我站在房间中,看着两个人离开,一直到脚步声都听不见。
“他们什么意思啊!”
夏绯烟坐在床上,小拳头十分气愤地砸着床铺,敛起的眉宇将她心中切实的不悦显露出来。
我还是少有地见她气成这副样子,为了阻止城中失火殃及池鱼,我这个当哥的还是要哄她一哄的。
来到夏绯烟的床边,我降了许多的声调,用尽量温柔的声音讲:
“消消气,我的大小姐。两个下人而已,他们说的话不堪听。
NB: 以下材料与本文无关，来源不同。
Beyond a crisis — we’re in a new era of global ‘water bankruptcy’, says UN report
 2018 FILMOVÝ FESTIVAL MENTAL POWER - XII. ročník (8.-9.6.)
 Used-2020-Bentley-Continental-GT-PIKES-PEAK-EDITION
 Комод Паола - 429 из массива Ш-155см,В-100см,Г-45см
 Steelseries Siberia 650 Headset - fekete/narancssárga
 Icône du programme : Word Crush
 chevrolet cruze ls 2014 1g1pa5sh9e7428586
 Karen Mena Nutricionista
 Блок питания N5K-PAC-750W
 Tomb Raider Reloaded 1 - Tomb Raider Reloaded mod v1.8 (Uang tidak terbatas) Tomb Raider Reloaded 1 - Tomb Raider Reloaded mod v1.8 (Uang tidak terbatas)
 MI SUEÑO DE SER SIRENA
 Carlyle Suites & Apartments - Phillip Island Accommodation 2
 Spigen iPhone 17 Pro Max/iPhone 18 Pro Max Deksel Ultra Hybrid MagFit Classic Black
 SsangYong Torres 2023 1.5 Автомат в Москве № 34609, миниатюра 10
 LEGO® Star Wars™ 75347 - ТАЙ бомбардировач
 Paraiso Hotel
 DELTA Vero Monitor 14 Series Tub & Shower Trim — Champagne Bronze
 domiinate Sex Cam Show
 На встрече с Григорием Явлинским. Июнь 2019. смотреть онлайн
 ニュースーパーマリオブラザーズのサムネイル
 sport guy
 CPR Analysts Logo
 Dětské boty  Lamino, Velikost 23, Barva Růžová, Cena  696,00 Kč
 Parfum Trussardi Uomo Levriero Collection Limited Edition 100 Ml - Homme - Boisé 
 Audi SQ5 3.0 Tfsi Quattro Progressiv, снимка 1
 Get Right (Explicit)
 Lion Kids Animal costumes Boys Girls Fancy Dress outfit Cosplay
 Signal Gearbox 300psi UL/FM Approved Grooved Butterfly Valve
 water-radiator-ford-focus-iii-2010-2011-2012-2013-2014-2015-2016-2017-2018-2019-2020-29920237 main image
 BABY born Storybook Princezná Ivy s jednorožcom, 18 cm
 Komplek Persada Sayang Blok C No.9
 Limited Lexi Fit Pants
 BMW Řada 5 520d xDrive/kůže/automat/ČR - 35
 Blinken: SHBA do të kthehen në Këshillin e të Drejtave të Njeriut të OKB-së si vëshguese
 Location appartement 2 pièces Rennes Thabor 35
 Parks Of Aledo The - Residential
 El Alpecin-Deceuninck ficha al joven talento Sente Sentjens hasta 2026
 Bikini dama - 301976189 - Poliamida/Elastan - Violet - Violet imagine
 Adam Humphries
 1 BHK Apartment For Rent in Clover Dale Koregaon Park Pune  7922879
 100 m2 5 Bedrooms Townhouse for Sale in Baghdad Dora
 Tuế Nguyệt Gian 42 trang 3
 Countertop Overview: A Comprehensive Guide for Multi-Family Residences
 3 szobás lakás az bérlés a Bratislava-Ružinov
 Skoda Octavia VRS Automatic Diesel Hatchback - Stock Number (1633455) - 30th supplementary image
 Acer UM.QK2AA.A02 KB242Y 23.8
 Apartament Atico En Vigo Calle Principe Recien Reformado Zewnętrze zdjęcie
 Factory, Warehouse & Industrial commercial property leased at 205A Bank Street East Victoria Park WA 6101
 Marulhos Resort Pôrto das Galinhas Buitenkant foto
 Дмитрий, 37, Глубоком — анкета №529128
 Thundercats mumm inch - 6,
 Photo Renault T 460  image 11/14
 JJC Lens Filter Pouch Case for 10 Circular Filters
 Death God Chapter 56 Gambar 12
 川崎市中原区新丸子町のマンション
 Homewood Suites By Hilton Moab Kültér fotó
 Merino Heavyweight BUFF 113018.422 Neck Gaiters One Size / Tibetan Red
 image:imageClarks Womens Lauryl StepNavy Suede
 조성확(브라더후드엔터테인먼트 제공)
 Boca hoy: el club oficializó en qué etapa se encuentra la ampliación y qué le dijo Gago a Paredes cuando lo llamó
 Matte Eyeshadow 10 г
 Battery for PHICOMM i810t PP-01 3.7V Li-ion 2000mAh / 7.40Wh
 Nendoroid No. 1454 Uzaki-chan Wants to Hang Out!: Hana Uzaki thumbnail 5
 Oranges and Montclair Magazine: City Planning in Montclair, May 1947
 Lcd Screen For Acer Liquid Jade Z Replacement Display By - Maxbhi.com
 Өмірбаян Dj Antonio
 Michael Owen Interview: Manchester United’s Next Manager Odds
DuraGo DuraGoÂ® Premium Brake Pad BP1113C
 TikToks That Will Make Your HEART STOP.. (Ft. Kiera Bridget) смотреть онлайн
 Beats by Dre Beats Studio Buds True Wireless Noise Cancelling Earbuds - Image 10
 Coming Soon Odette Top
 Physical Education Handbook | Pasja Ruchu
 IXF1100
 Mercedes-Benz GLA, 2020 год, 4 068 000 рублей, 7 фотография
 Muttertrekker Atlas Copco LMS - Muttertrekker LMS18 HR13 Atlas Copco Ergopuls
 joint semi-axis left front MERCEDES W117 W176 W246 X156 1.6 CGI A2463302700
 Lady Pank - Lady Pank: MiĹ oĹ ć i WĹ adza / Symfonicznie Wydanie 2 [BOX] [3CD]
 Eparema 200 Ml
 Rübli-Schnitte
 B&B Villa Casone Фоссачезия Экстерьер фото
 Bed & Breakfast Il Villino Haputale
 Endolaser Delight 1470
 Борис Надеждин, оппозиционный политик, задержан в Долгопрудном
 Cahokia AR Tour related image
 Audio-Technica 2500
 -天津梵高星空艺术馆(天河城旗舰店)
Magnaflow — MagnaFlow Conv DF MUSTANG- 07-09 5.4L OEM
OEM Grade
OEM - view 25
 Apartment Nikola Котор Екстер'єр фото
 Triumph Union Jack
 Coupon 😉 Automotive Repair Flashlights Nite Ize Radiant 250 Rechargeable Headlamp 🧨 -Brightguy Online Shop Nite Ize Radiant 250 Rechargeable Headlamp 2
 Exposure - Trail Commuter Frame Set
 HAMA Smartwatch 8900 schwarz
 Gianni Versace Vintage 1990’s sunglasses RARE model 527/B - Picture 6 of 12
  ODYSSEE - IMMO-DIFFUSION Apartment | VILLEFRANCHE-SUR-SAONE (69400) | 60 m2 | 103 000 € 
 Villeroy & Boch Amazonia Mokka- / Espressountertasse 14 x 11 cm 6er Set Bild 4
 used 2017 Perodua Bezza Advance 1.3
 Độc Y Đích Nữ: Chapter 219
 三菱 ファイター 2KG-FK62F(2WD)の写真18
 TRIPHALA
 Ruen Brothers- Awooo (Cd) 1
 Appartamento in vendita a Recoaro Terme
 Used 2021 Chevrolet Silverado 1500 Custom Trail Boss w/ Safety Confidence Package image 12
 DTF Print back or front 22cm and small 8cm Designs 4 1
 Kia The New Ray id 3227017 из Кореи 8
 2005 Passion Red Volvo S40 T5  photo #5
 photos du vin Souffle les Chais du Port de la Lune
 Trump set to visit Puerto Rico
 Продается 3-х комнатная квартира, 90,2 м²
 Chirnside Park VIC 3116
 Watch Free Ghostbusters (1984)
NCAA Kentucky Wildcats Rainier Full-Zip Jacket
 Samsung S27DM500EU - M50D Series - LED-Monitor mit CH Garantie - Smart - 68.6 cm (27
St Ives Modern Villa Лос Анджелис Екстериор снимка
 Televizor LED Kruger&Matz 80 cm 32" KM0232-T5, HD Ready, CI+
”
夏绯烟又抱起床边的枕头用力地揉搓着,似要用这种方式将不满发泄出去。
“那也不能用那样的语气讲话吧?就好像在讲一个,讲一个……一嘴烂牙也讲不出什么好话,我就该在他讲第一句话的时候抡起巴掌给他俩满嘴烂牙都给他抽掉!烂嘴烂牙配烂人,就该让他俩烂死在娘胎里!不然养这么久还白费他们父母二三十年!真是的,凭什么这么说我的觅清姐姐!气死我了!”
外人面前温文尔雅的夏绯烟此时正抱着枕头咔咔咬,织布被牙齿撕裂的此起彼伏。
她牙口还挺好的。
如果夏绯烟这个时候能再把枕头叼起来甩几下,甩得棉花满天飞的话,那就跟条发疯的狗差不多了。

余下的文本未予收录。